The full listing, written out exactly and without images, is the expected result.

» **Data section**:
- Opening Delimiter -

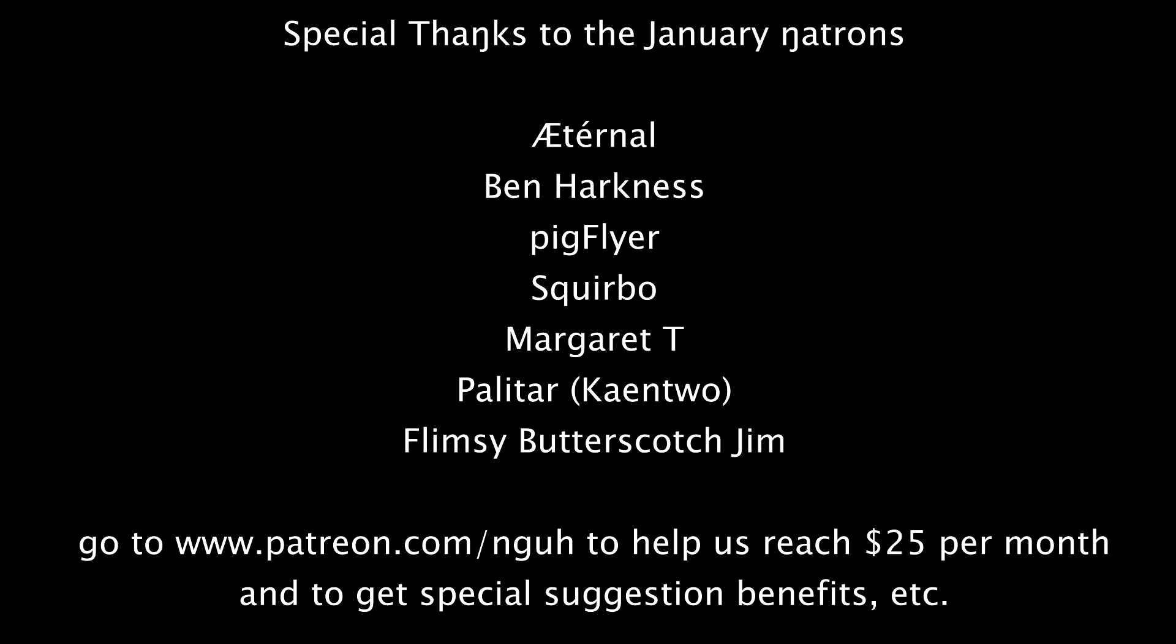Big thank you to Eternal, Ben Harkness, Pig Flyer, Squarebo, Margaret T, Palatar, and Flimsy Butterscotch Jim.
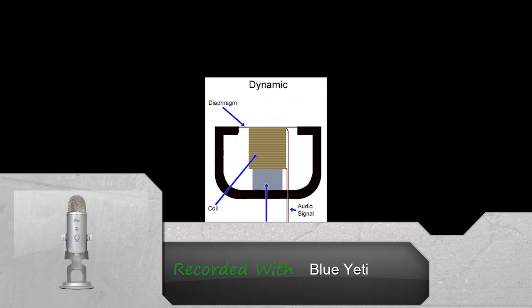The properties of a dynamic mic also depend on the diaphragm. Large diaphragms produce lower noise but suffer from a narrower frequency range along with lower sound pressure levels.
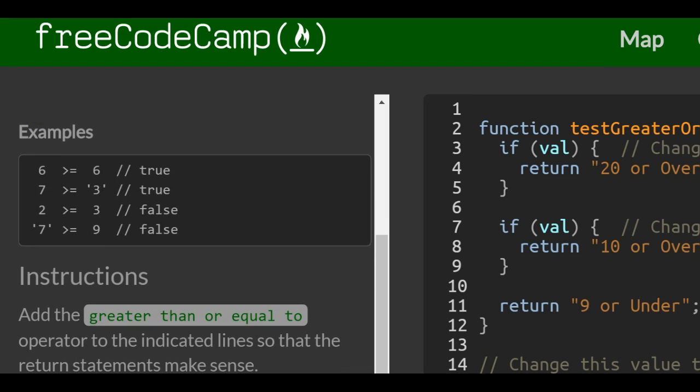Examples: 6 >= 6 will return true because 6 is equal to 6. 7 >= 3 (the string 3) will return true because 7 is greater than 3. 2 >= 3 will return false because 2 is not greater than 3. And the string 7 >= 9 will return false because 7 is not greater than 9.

- Closing Delimiter -

» **Completed exercise**:
Big thank you to Eternal, Ben Harkness, Pig Flyer, Squarebo, Margaret T, Palatar, and Flimsy Butterscotch Jim.
The properties of a dynamic mic also depend on the diaphragm. Large diaphragms produce lower noise but suffer from a narrower frequency range along with lower sound pressure levels.
Examples: 6 >= 6 will return true because 6 is equal to 6. 7 >= 3 (the string 3) will return true because 7 is greater than 3. 2 >= 3 will return false because 2 is not greater than 3. And the string 7 >= 9 will return false because 7 is not greater than 9.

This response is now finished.